But they don’t explain why I was logged out. I did not log out myself. Or is this “logged out” in the sense that I did not have their app active at the time of the disruption?
Logging out on a 401 is pretty common in authentication, because it gives the user an opportunity to sign in again. Maybe the problem resulted in a 401 being returned, when it would have been better to return a 500.
In the web at least it was returning 500, I guess that the desktop/mobile apps make some check in intervals. When the backend returned 500 the app thought that the current login could not be authenticated and logged out everybody
I think some will aggressively log out even on 500s.
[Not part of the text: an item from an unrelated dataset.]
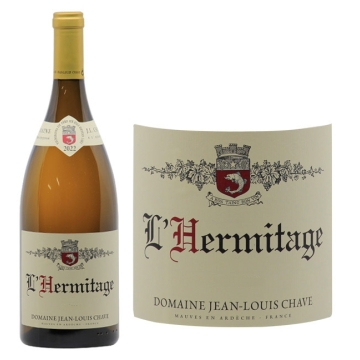 Hermitage Blanc
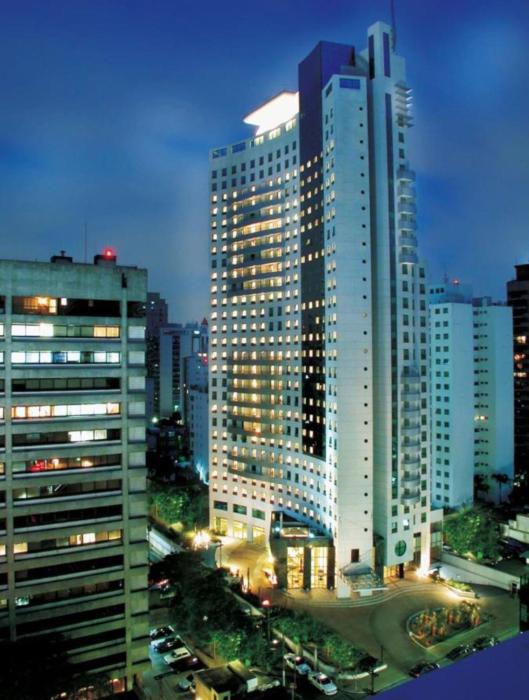 Hotel Ml Jd Europa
If you log out 500s that's not the same as logging out failed network requests. The server has to actually send a response, so while it will erroneously log out sometimes, in a reliable api, or one that sends errors in 200s but is otherwise reliable, it won't be so often that a whole lot of users give up. Plus some API middlewares will default to hiding error response codes for security and always send 500 no matter what the upstream response code (this assumes the error codes aren't needed by the devs because they can look at the logs).

I've seen logging out on failed network requests, but that is highly annoying and frequently occurs and typically just a coding mistake.

Maybe some token expired and could not be renewed. They also mentioned a bug on a client grpc library.
Everybody was instantly logged out, which doesn’t make sense if their backend just went down, as the app normally works fine offline.
Well, not everybody, since I was logged in all week and didn't experience any downtime.